The document seeks modernisation, prevention of human entry into sewer systems and rehabilitation of those already engaged in such work. The plan is to set up fecal sludge and management systems to enable mechanised cleaning. Local government bodies are to be equipped with the appropriate technology and machinery. Provision is also to be made for “training and certification” of sanitation professionals, either “in-house or through reputed institutions.” Private agencies engaged in cleaning work are to be compulsorily licenced, and only those who can ensure “total mechanised cleaning” should be given licences, said the document.
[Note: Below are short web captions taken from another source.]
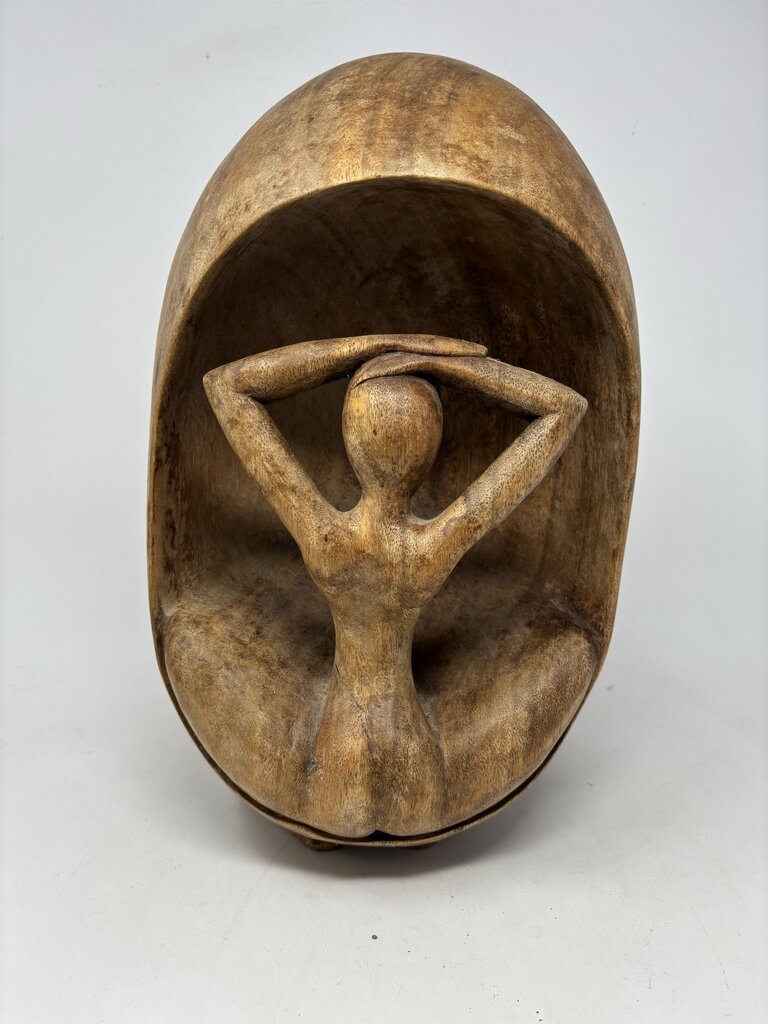 Wood Egg Shaped Shell with Human Figure inside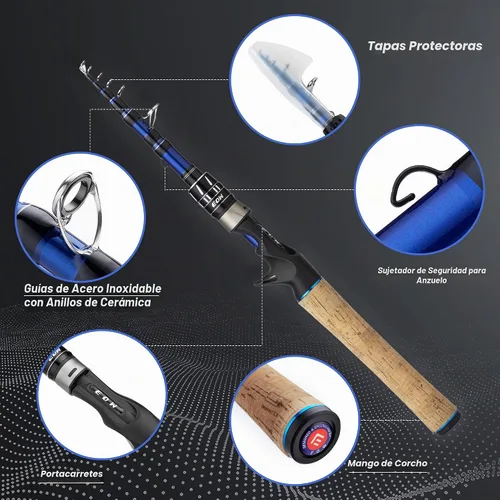 Vista 2 de EOW XPEDITE PRO Telescopic Fishing Rods, Spinning & Casting Poles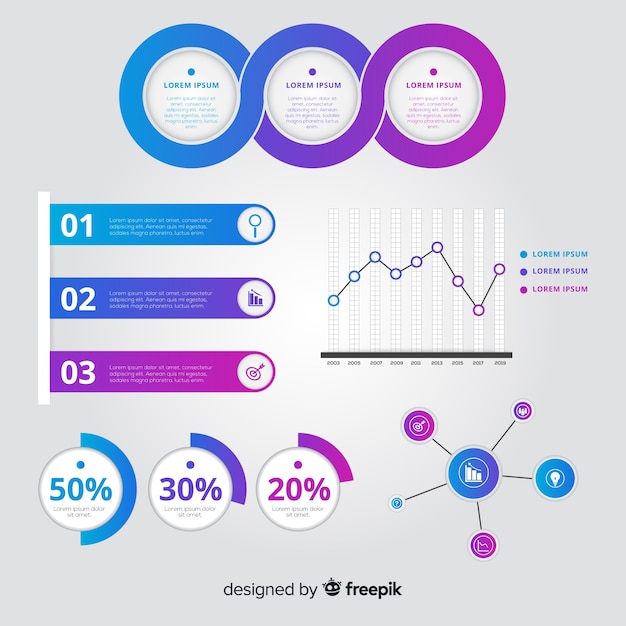 Infographic element collection Free Vector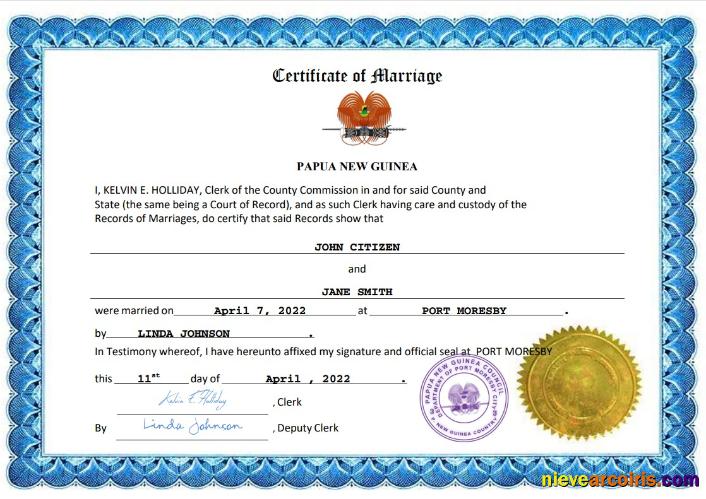 Premium Papua New Guinea Marriage Certificate Word And PDF Template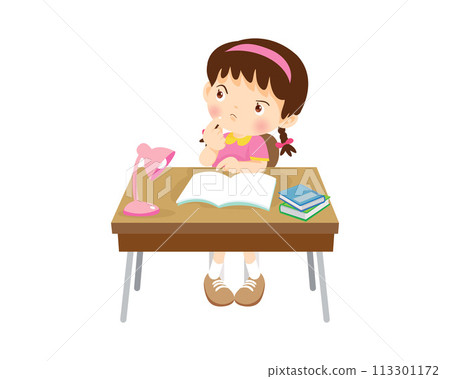 cute student sitting on desk working for homework cute student sitting on desk working for homework 113301172
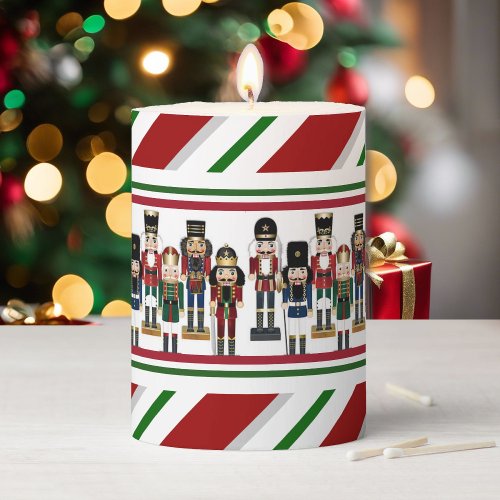 Nutcracker Christmas Red Green Festive Stripe Pillar Candle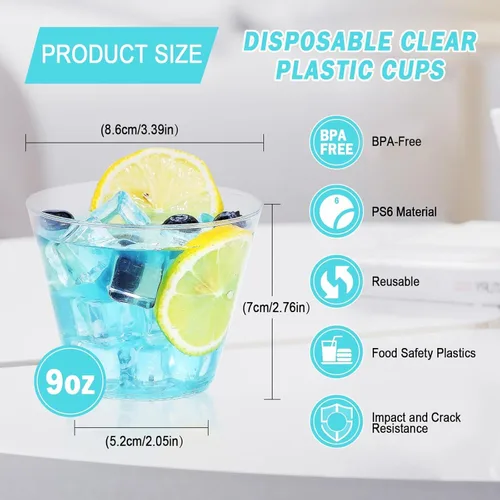 Miniatura 4 de BYSNOW Paquete de 50 vasos de plástico transparente de 9 onzas, vasos desechables de plástico duro para fiestas, copas de vino, vasos desechables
The document states that there are “15 innovations developed across the country to replace manual cleaning”. An annexure to the March document mentions, for instance, a machine called ‘bandicoot’ developed by a Thiruvananthapuram-based start-up, Genrobotics, a spider-shaped robot “that cleans manholes with precision”. It also mentions a device designed by two retired engineers of the Hindustan Aeronautics Limited in Bengaluru, called “sewer croc”. This machine can detect poisonous gas build-up in sewers and offer warnings. The device is water-jet powered, and can reportedly clean even narrow sewers.

A helpline functional round-the-clock is proposed, to attend to complaints about sewers and arrange for cleaning and removal of blockage; a “sanitation response unit” will be set up in each district. The modernisation of sewer systems is proposed to be completed by 2023.
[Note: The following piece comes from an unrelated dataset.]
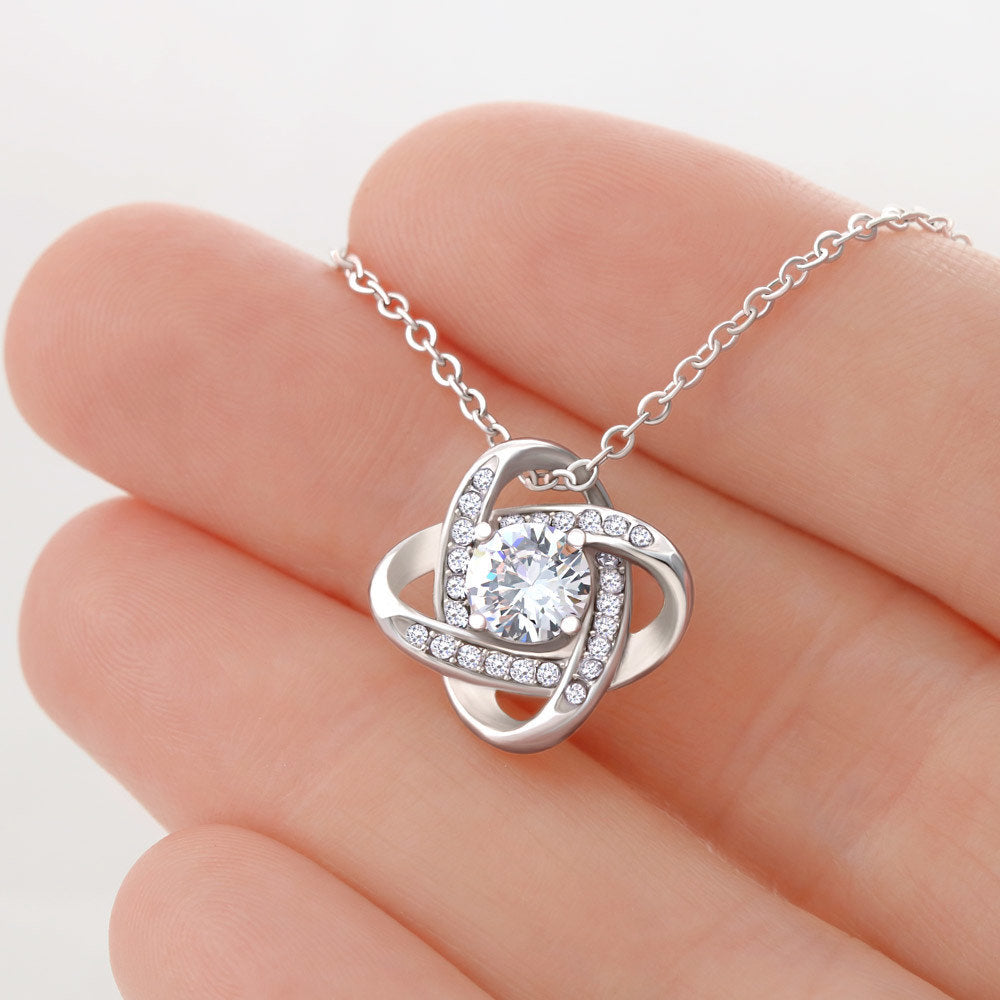 To my XXX - I hugged this pendant love and light - from Dad - Love Knot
Proposed funding for the project is also outlined in this document – one septic haulage vehicle, which can serve six households per day under three-year septic tank emptying cycle would cost Rs 28 lakh, the document notes. There are also figures provided for providing wastewater treatment (Rs30,960 crore), but the basis for arriving at this sum is not provided in the document. Wastewater collection and treatment is estimated at over Rs1 lakh crore. The basis of these calculations is also unclear.

Siddharth KJ of the Safaikaramchari KavuluSamiti-Karnataka (Committee for the care of sanitation workers) said, “Manual scavenging is rampant, yet not a single person has been convicted under the 2013 Act. That just shows how our caste-based society has accepted the daily indignity suffered by workers who come from the most marginalised castes. In Karnataka, insanitary latrines were built for a religious festival in 2018, in violation of the PEMSR Act 2013 and Dalits were brought from Uttar Pradesh to clean these toilets. Permission to do all this was granted by none other than the deputy commissioner, who is supposed to be responsible for the implementation of the 2013 Act!”

While social scientists and activists agree that the 2013 Act needs amendment, given how hazardous cleaning of sewers has continued, they point out that the bill has been introduced without prior consultation. It also lacked any analysis of the reasons for the failure of the 2013 Act.

In a letter to Members of Parliament, academics and activists, including public health professional Sylvia Karpagam and educationist Anil Sadgopal, write: “In the legislative agenda, the purport of the amendment Bill is listed as ‘complete mechanization of sewer cleaning and to provide better protection in work, the compensation in case of accidents’. The absence of any reference to the lives and demands of the workers suggests that even the proposed Bill may be narrowly focused on technological solutions.” It further added, “Any process of reform in the law should necessarily begin with the workers engaged in this occupation (3) and the proposed changes should be available in all Indian languages to enable full democratic participation from all citizens. Public consultation processes would have offered a necessary corrective to these and other lacunae in the amendment Bill.”